How to Choose the Best Ad Title for Your Ad Group

It seems to me that in most cases the ad title is the most important part of a paid search ad. It’s the first thing that’s going to grab the searcher’s attention. Typically you want something as relevant as possible to the searcher’s query while still being truthful about what they’re going to see when they click through to your site. [Meaning, don’t be misleading.] In my experience, I have found 3 ways to get the best possible ad title in use as quickly as possible. But of course, when in doubt, just test!

1. Look at search query reports to determine what searchers are specifically looking for.

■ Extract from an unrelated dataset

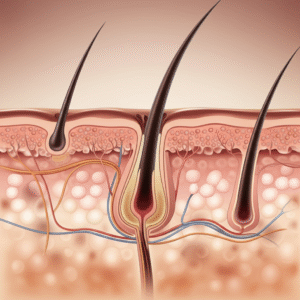 Hair Growth Myth Illustration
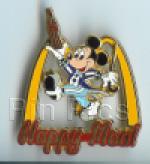 Boot Leg Pin ~ Mickey McDonalds Happy Meal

Winter is settling in quite quickly here in Wisconsin, so for today’s example, let’s say you sell apparel and you have an ad group entitled Gloves. Don’t just assume that your ad group name is the best choice for your ad title. I’ve seen many instances where people think that just because you created the ad group with a certain theme in mind, that that category is the best keyword for the ad title. Not always true. If you look at your search query reports and notice that “mittens” is searched on more frequently, then that should be in your title. More specifically, if another descriptor comes in front of it like “warm mittens” or “fashion mittens” trying using those as titles to get even more relevant.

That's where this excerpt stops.